▶ _THE TASK_:
Every picture is to be removed, and all the data is to be copied exactly.

[Records drawn from a dataset]
========

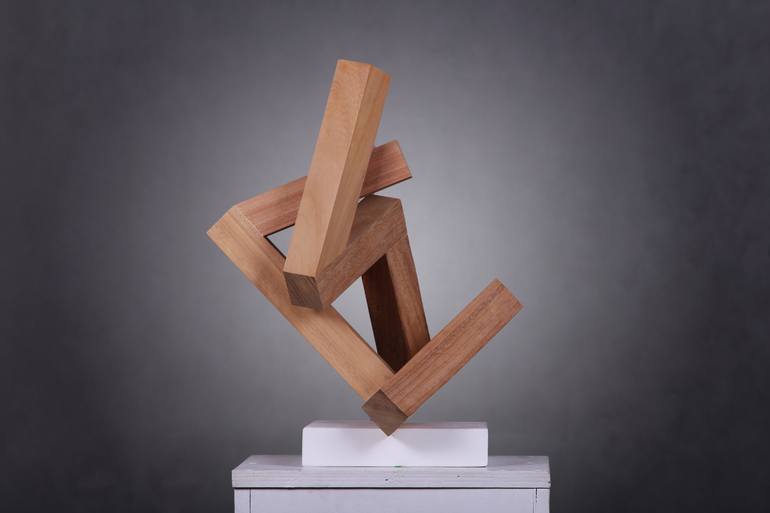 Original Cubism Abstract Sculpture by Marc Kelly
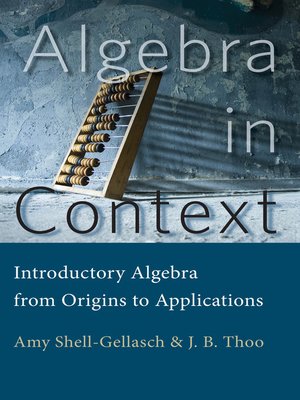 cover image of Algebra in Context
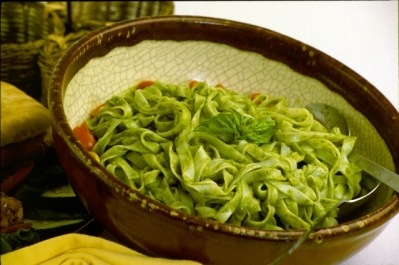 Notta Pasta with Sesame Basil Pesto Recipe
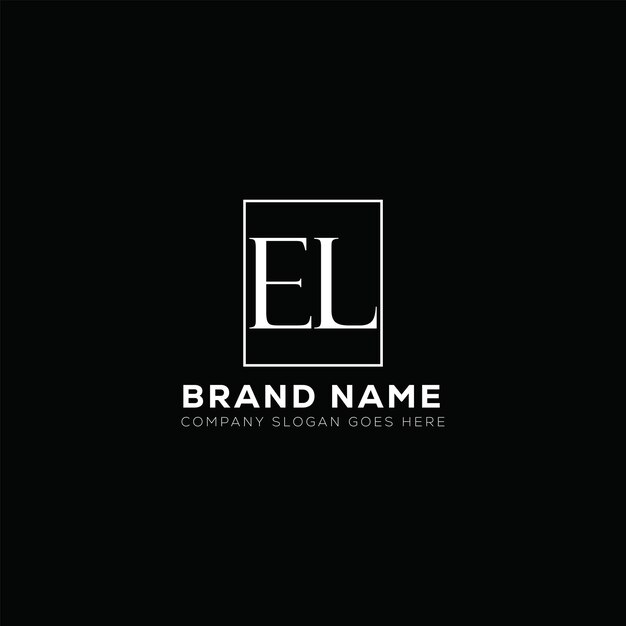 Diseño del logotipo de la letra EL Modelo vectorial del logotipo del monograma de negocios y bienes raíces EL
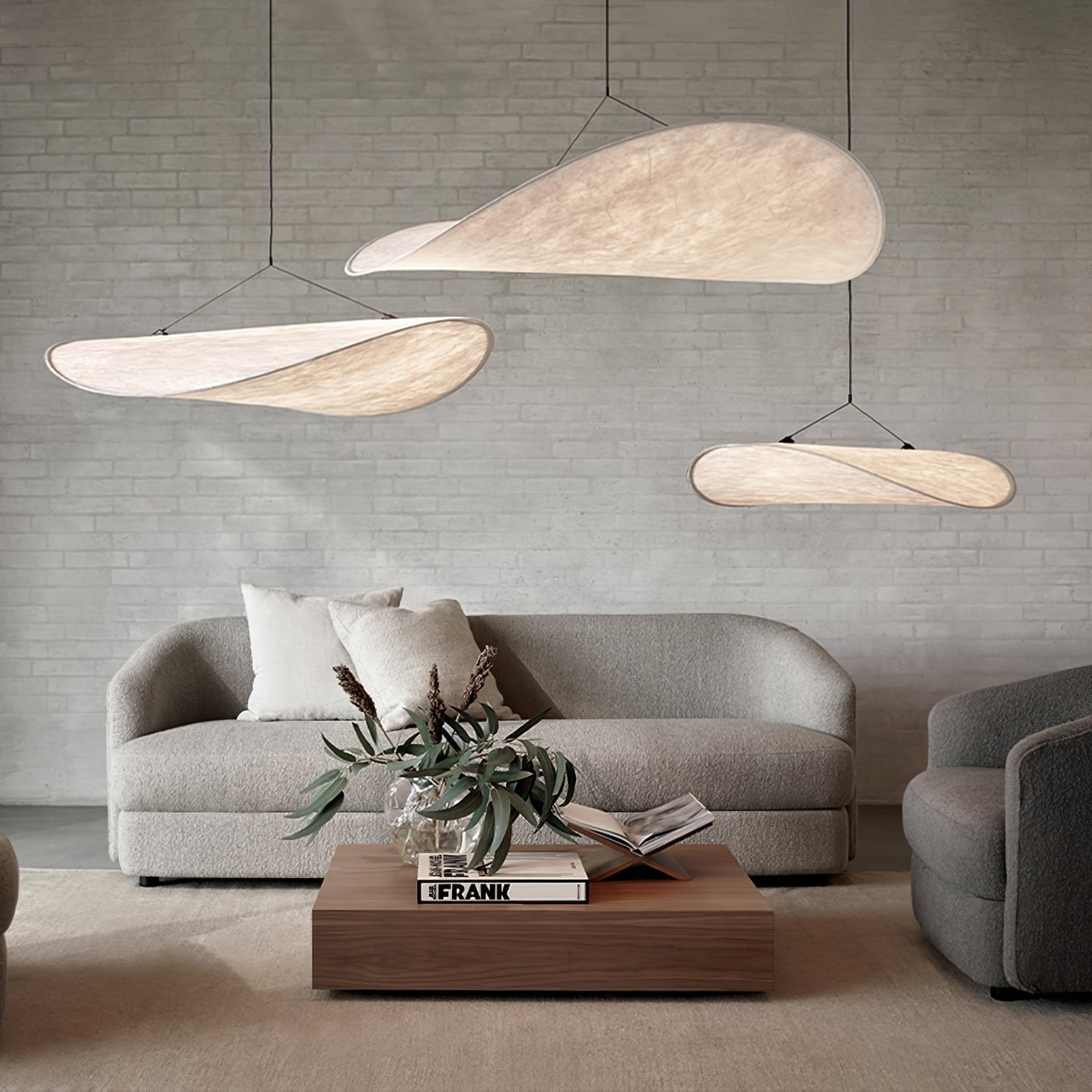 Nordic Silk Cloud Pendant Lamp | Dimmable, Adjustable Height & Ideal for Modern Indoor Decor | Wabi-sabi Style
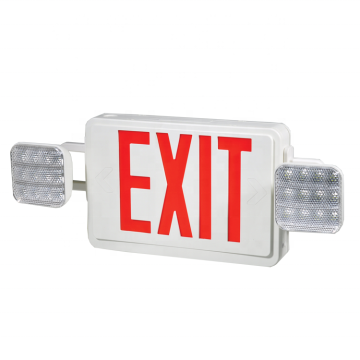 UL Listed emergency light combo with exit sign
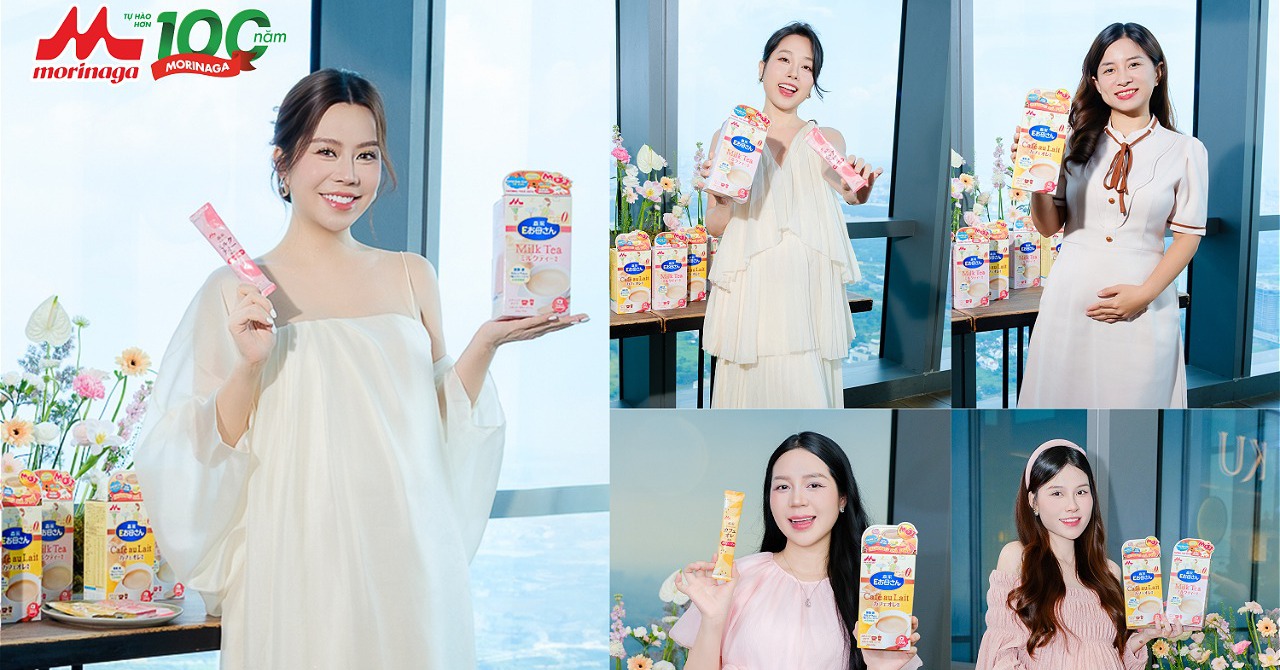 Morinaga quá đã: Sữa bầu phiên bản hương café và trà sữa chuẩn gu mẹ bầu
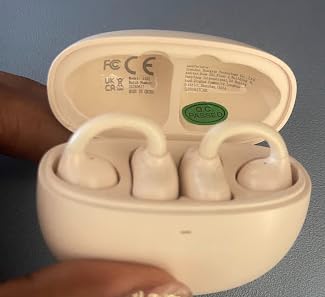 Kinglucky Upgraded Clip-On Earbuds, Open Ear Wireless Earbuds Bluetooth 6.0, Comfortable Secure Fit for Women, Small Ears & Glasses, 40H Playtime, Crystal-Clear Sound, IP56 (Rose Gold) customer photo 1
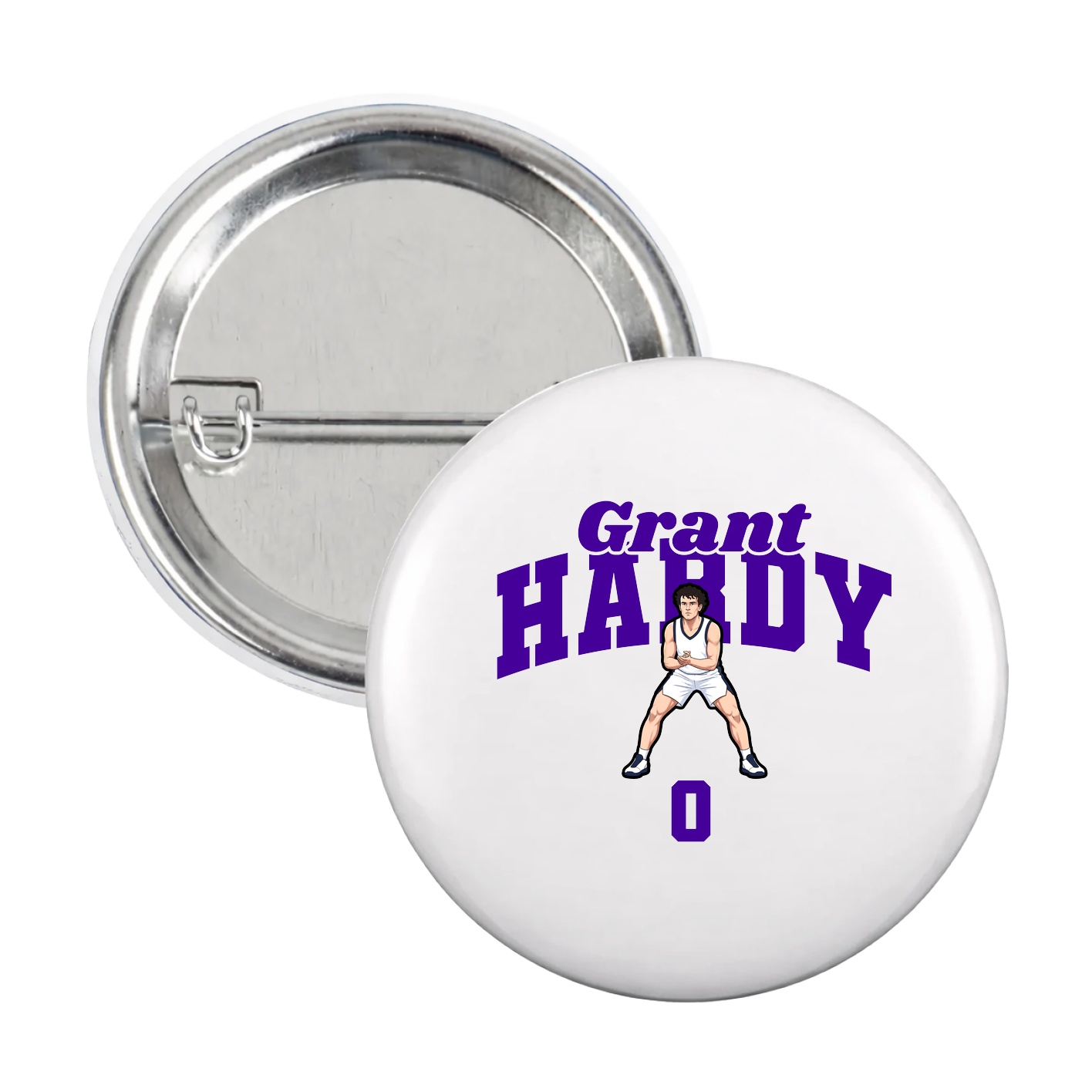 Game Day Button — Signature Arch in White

========

▶ _RESPONSE AREA_:
 Original Cubism Abstract Sculpture by Marc Kelly
 cover image of Algebra in Context
 Notta Pasta with Sesame Basil Pesto Recipe
 Diseño del logotipo de la letra EL Modelo vectorial del logotipo del monograma de negocios y bienes raíces EL
 Nordic Silk Cloud Pendant Lamp | Dimmable, Adjustable Height & Ideal for Modern Indoor Decor | Wabi-sabi Style
 UL Listed emergency light combo with exit sign
 Morinaga quá đã: Sữa bầu phiên bản hương café và trà sữa chuẩn gu mẹ bầu
 Kinglucky Upgraded Clip-On Earbuds, Open Ear Wireless Earbuds Bluetooth 6.0, Comfortable Secure Fit for Women, Small Ears & Glasses, 40H Playtime, Crystal-Clear Sound, IP56 (Rose Gold) customer photo 1
 Game Day Button — Signature Arch in White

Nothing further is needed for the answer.